Step-by-step explanation:
To calculate the radius of a silicon atom in a face-centered cubic (FCC) unit cell, we need to consider the distances between the atom positions. In an FCC structure, the atoms touch each other along the body diagonal of the unit cell. The distance between the atom at (0,0,0) and (1/4, 1/4, 1/4) is equal to the length of the face diagonal, which is equal to four times the radius of a silicon atom.
Given that the lattice parameter is 0.543 nm, we can calculate the length of the face diagonal as 0.543 * sqrt(2). Dividing this by 4 gives us the radius of a silicon atom, which is approximately 0.077 nm.
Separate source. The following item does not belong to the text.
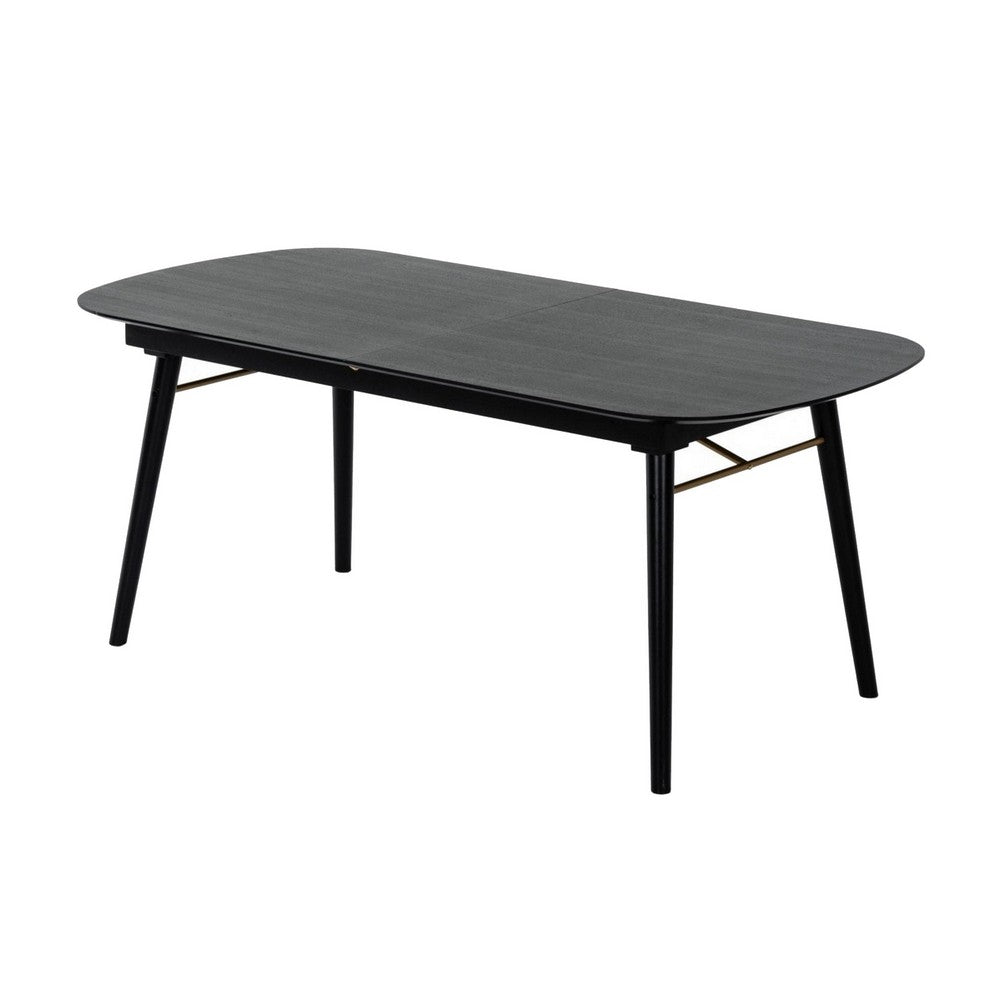 Logan Dining Table | Obround Top | Extendable Leaf | Charcoal Gray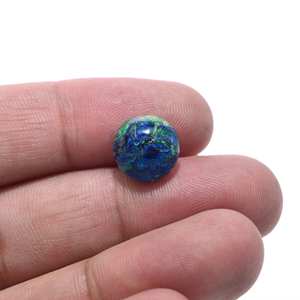 Venta al por mayor natural azurita malaquita cabujón piedras preciosas sueltas color negro precios de fábrica del fabricante de piedras preciosas - Product Image 4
To calculate the theoretical density of silicon, we need to know the molar mass and the volume of the unit cell. The volume of an FCC unit cell can be calculated as (4 * r^3) / 3, where r is the radius of the atom. Substituting the value of the radius we calculated earlier, we can find the volume of the unit cell. Dividing the molar mass by the volume of the unit cell gives us the theoretical density of silicon, which is approximately 2.32 g/cm³.